Data to use:
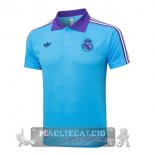 Real Madrid Blu Purpureo Maglia POLO 2025 2026 Real Madrid Blu Purpureo Maglia POLO 2025 2026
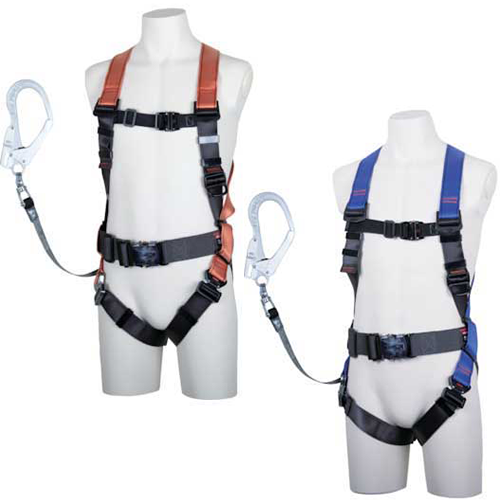 藤井電工 ツヨロン コアハーネス ワン・ハンドリトラ M〜L TH-502-OH93SV-OT-R23-BX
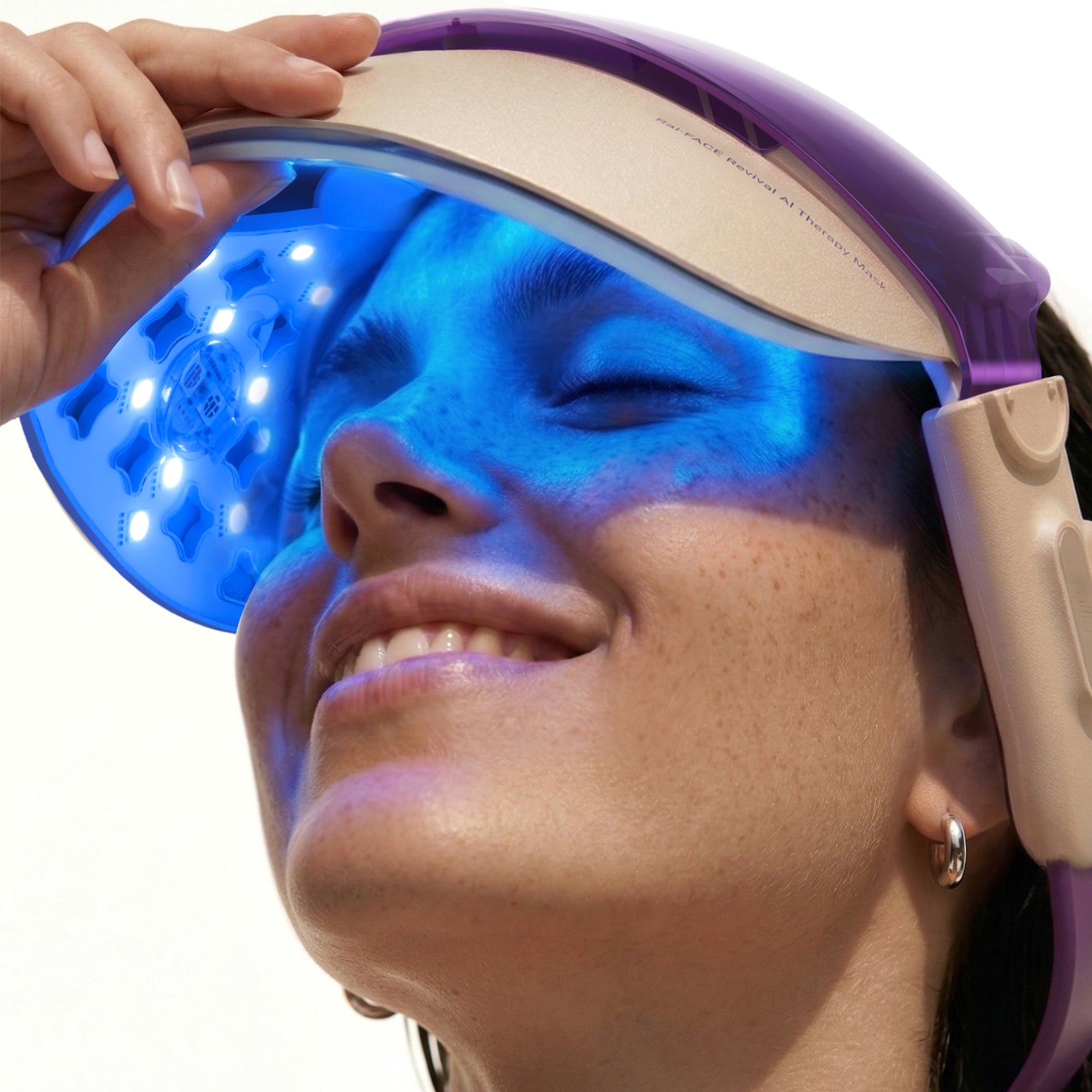 railia AI Skin Analysis LED Face Mask – Sapphire Edition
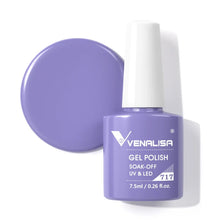 Load image into Gallery viewer, Venalisa VIP4 Nail Gel Polish HEMA/TPO FREE Full Coverage Beautiful Semi Permanent Soak Off UV LED Gel Nail Polish Gel Lacquer
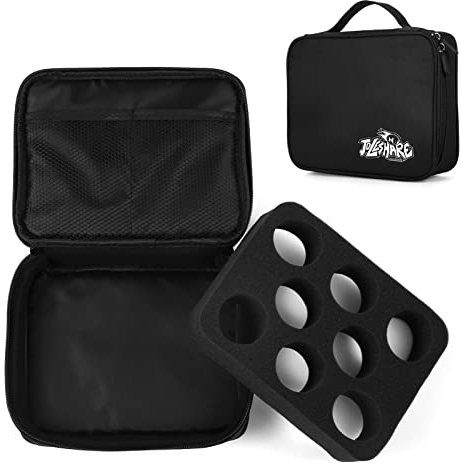 Funien Yoyo-Ballhalter-Aufbewahrungstasche Stoßdämpfende Yo-Yo-Schutztasche für 8 Yoyo-Bälle und Zubehör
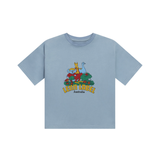 Aussie Animal Tee - Sky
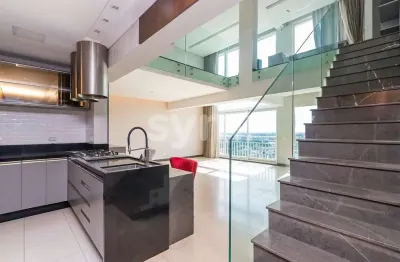 Apartamento com 4 quartos para alugar na rua professor pedro viriato parigot de souza, 3565, campo comprido, curitiba por r$ 13.500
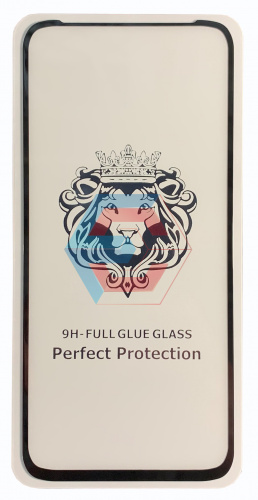 Защитное стекло 9D для Huawei P40 Lite (2020) Черный (тех. упаковка)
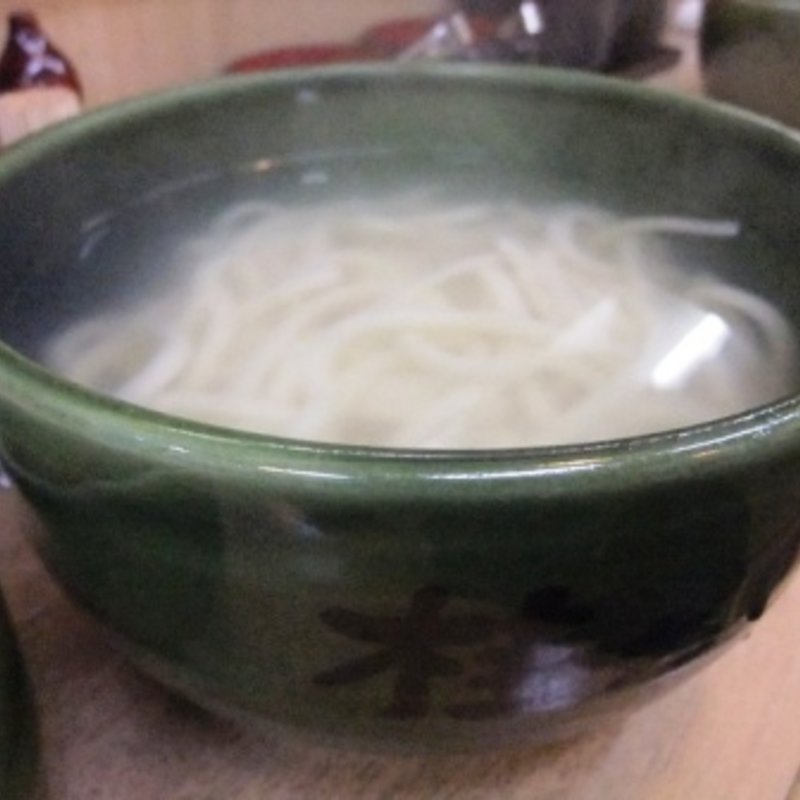 たぬき(釜揚げうどん 桂ちゃん)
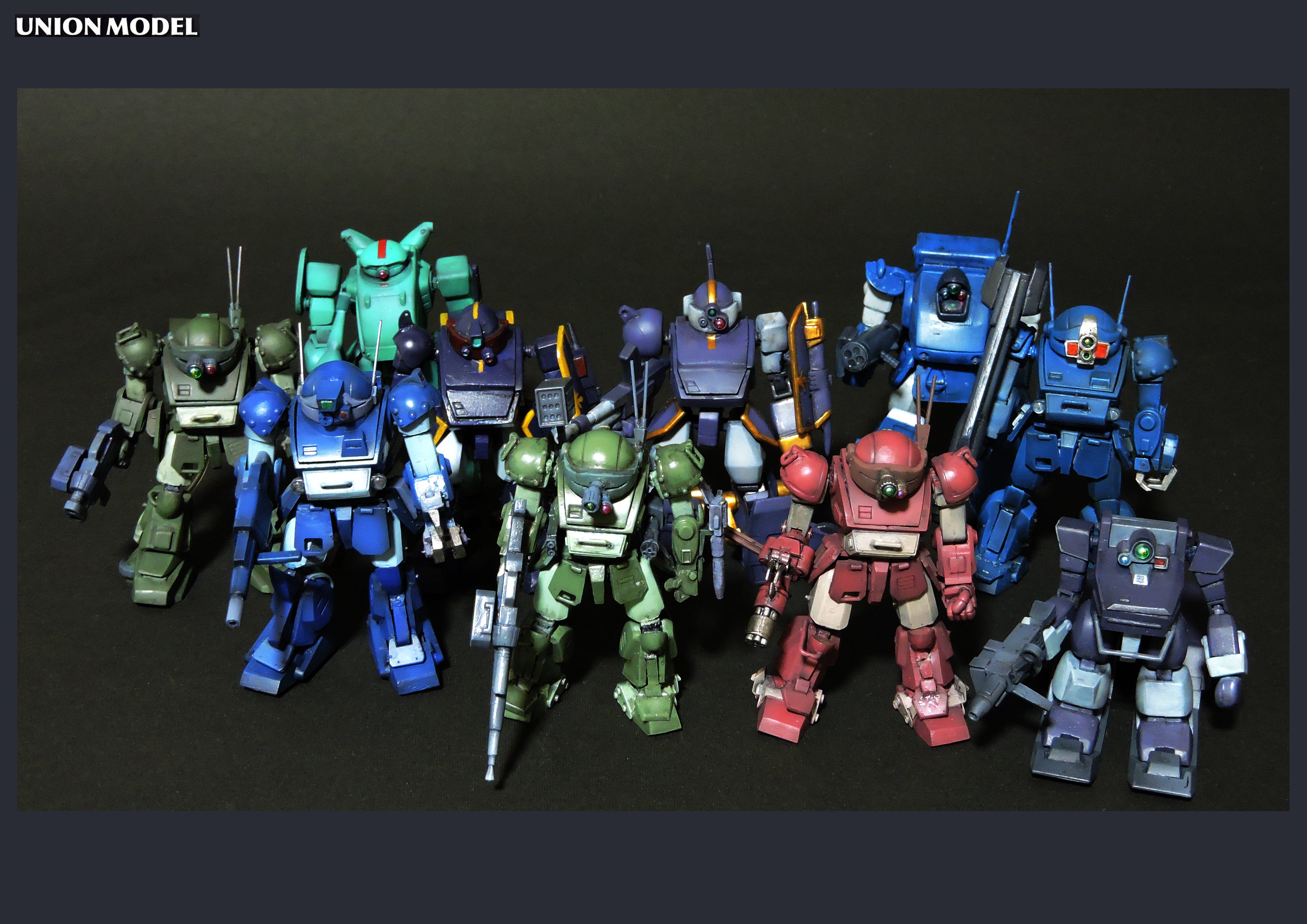 旧キット 装甲騎兵ボトムズ 1/60スケール 6体まとめ売り 2025年最新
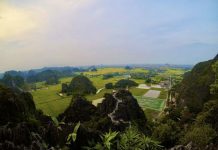 Mùa lúa vàng đẹp đến nao lòng ở vùng Tam Cốc Mùa lúa vàng đẹp đến nao lòng ở vùng Tam Cốc - Ảnh 1.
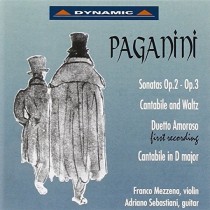 Sonate per violino e chitarra  PAGANINI NICCOLO'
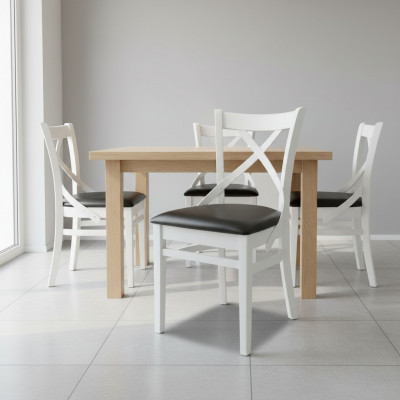 Massivholz Holz Stull Modern Designer Sëlwer Iesszëmmerstull Kichen Dekorativ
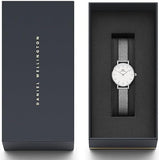 Daniel Wellington Classic Petite Sterling White Dial Silver Mesh Bracelet Watch for Women - DW00100442 Buy Now By Daniel Wellington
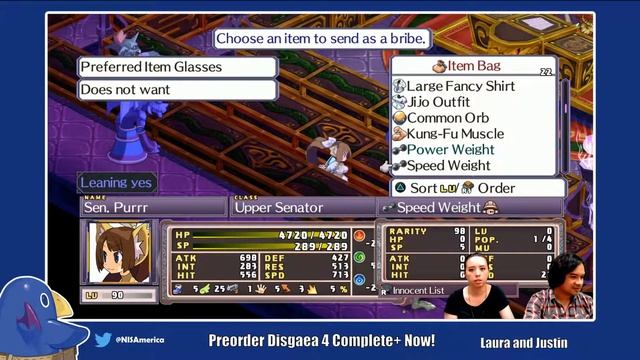 Disgaea 4 Complete+! [06/18/2019 VOD] смотреть онлайн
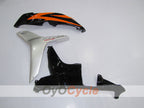 Kit de carénage à injection pour CBR600RR 07-08 - Orange, Noir - Style d'origine #OYO87900379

Requirement: What is needed is an exact restatement of the lines from the line with "Aussie Animal Tee - Sky" through the final line of the data, pictures excluded.

Output for this task:
 Aussie Animal Tee - Sky
 Apartamento com 4 quartos para alugar na rua professor pedro viriato parigot de souza, 3565, campo comprido, curitiba por r$ 13.500
 Защитное стекло 9D для Huawei P40 Lite (2020) Черный (тех. упаковка)
 たぬき(釜揚げうどん 桂ちゃん)
 旧キット 装甲騎兵ボトムズ 1/60スケール 6体まとめ売り 2025年最新
 Mùa lúa vàng đẹp đến nao lòng ở vùng Tam Cốc Mùa lúa vàng đẹp đến nao lòng ở vùng Tam Cốc - Ảnh 1.
 Sonate per violino e chitarra  PAGANINI NICCOLO'
 Massivholz Holz Stull Modern Designer Sëlwer Iesszëmmerstull Kichen Dekorativ
 Daniel Wellington Classic Petite Sterling White Dial Silver Mesh Bracelet Watch for Women - DW00100442 Buy Now By Daniel Wellington
 Disgaea 4 Complete+! [06/18/2019 VOD] смотреть онлайн
 Kit de carénage à injection pour CBR600RR 07-08 - Orange, Noir - Style d'origine #OYO87900379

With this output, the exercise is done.